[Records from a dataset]

-*-

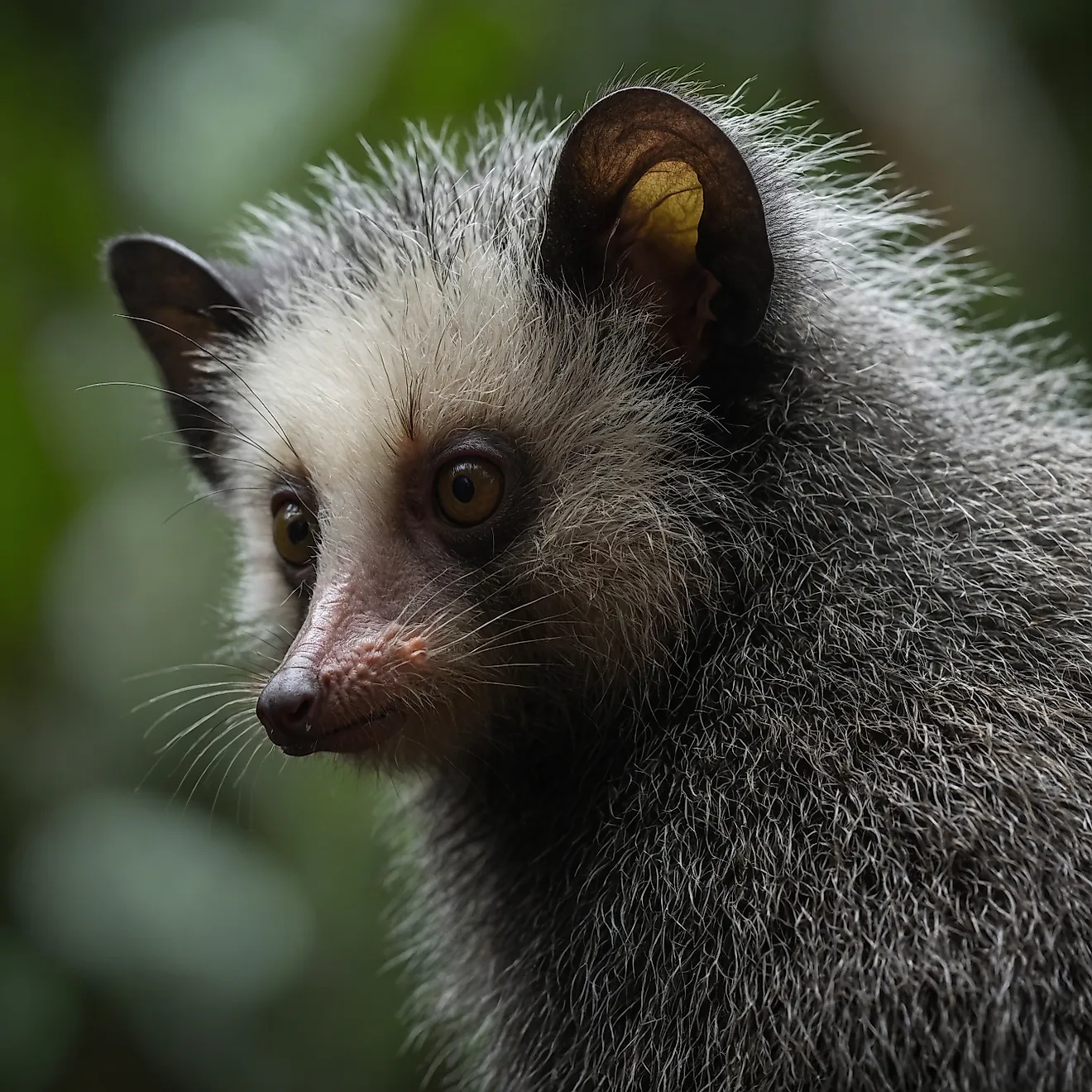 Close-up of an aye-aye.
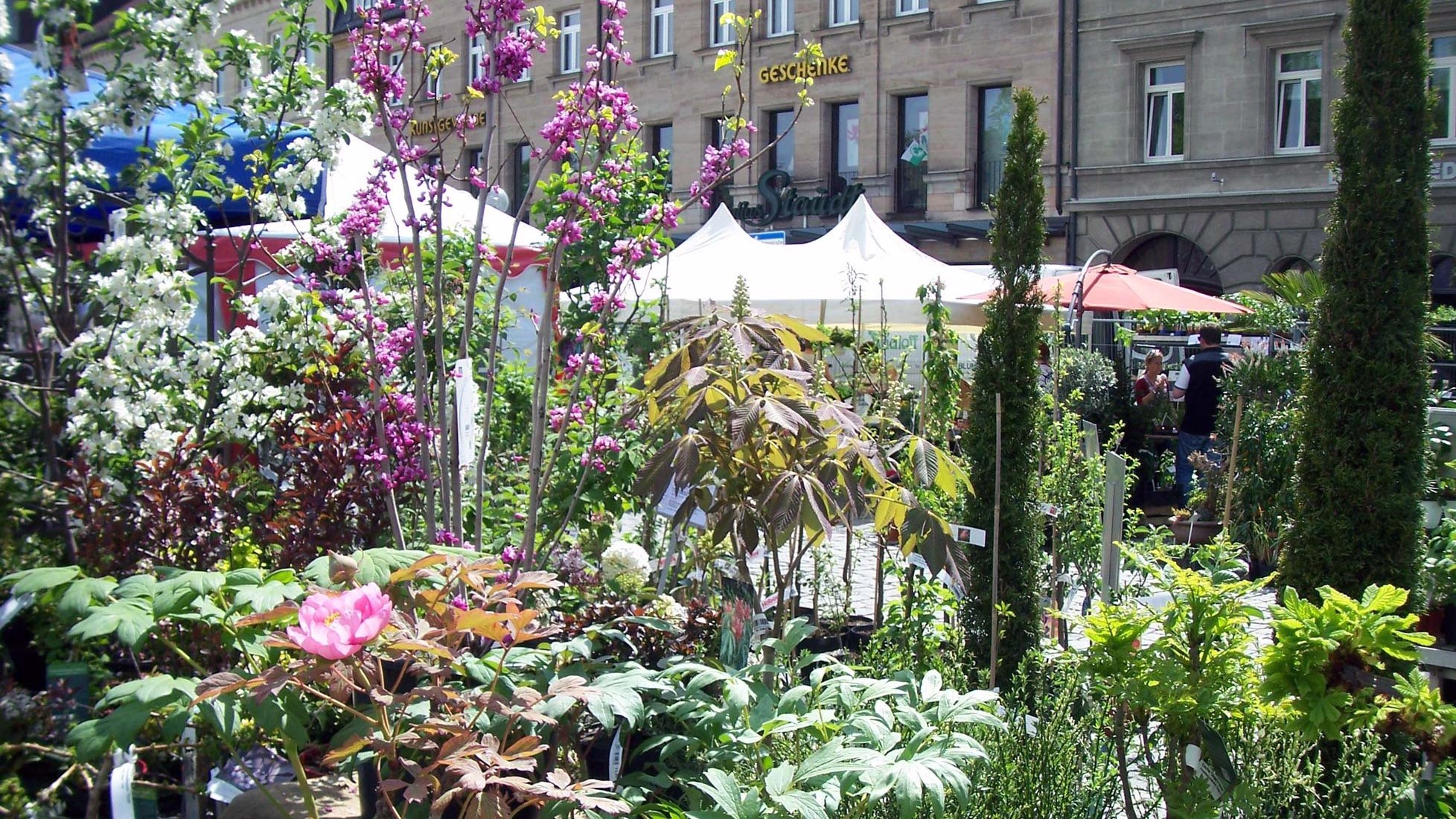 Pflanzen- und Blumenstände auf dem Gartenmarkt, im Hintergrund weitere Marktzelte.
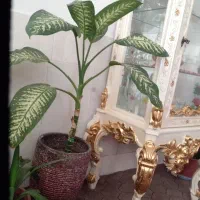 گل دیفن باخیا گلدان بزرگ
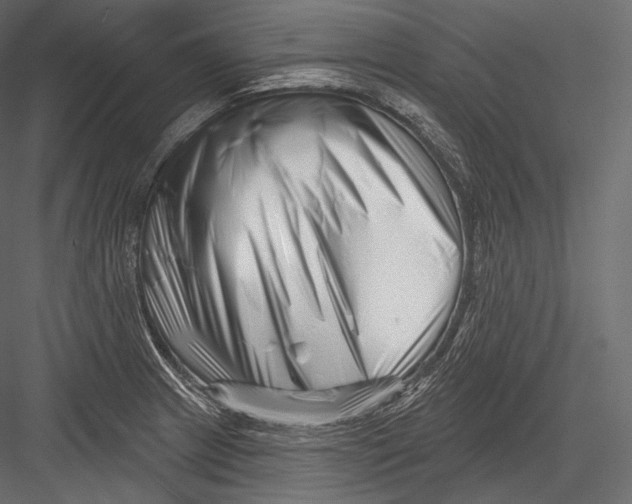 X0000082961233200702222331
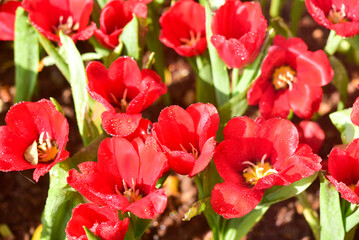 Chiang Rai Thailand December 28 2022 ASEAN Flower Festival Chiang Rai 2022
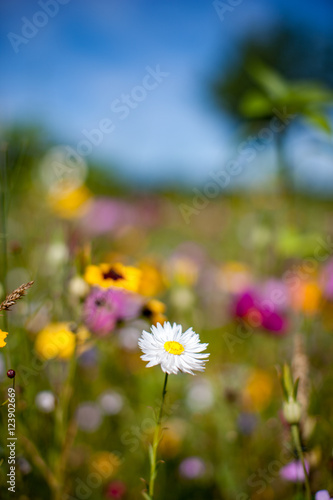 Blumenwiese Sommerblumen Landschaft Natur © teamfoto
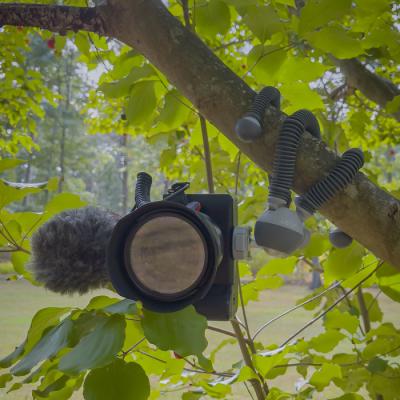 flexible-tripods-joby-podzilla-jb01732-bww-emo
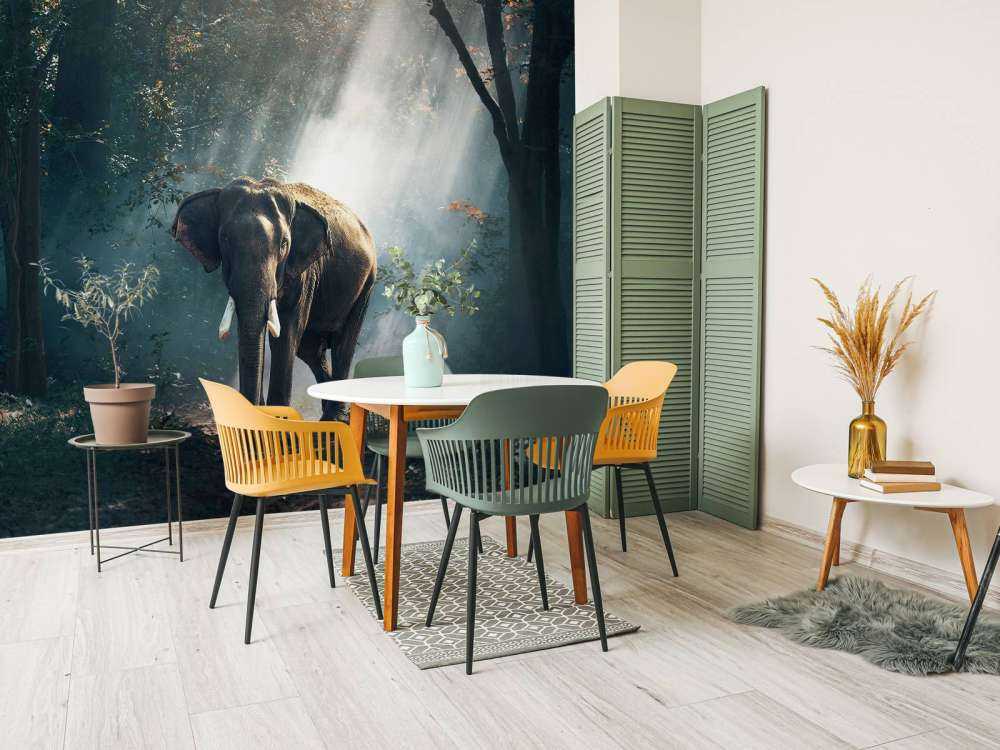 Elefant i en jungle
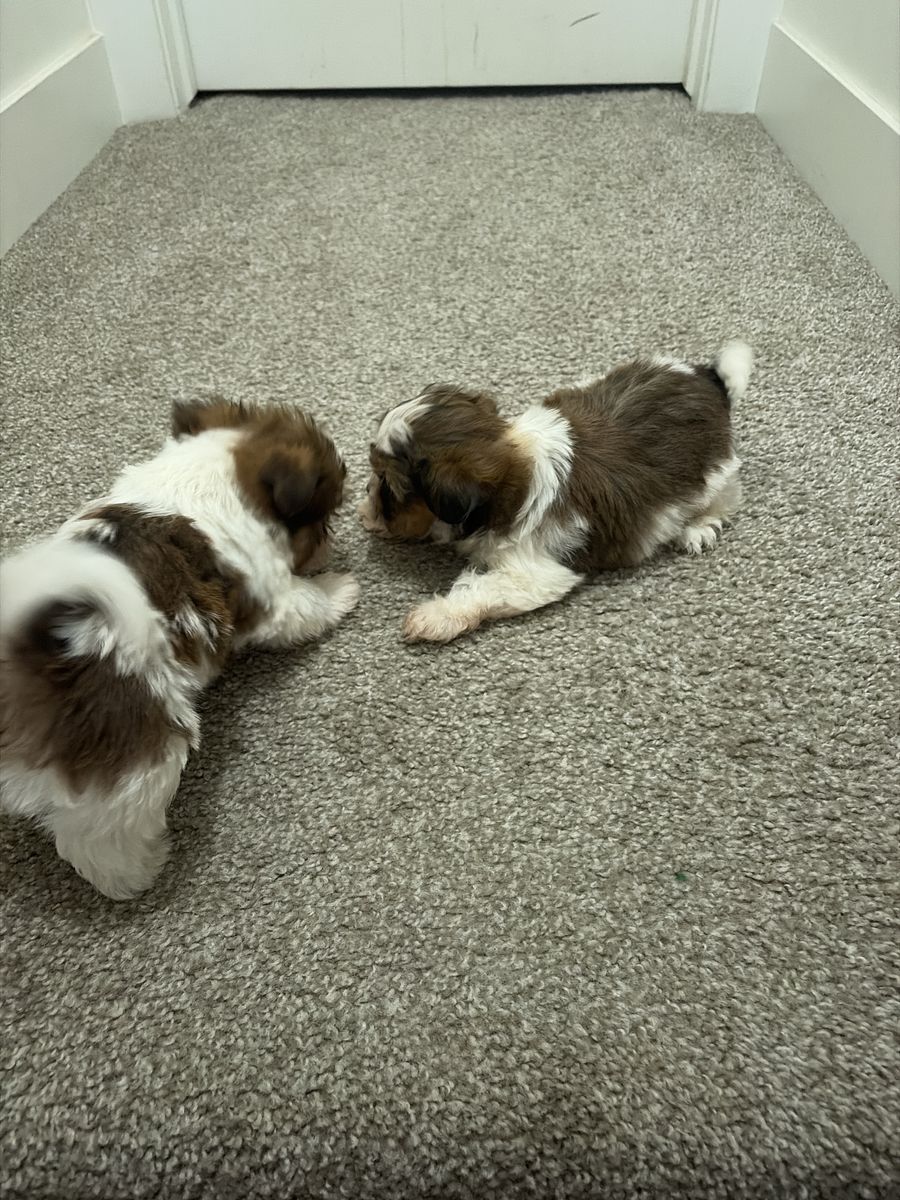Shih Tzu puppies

-*-

Without carrying over any picture, write out the entries above once more, exactly.

 Close-up of an aye-aye.
 Pflanzen- und Blumenstände auf dem Gartenmarkt, im Hintergrund weitere Marktzelte.
 گل دیفن باخیا گلدان بزرگ
 X0000082961233200702222331
 Chiang Rai Thailand December 28 2022 ASEAN Flower Festival Chiang Rai 2022
 Blumenwiese Sommerblumen Landschaft Natur © teamfoto
 flexible-tripods-joby-podzilla-jb01732-bww-emo
 Elefant i en jungle
Shih Tzu puppies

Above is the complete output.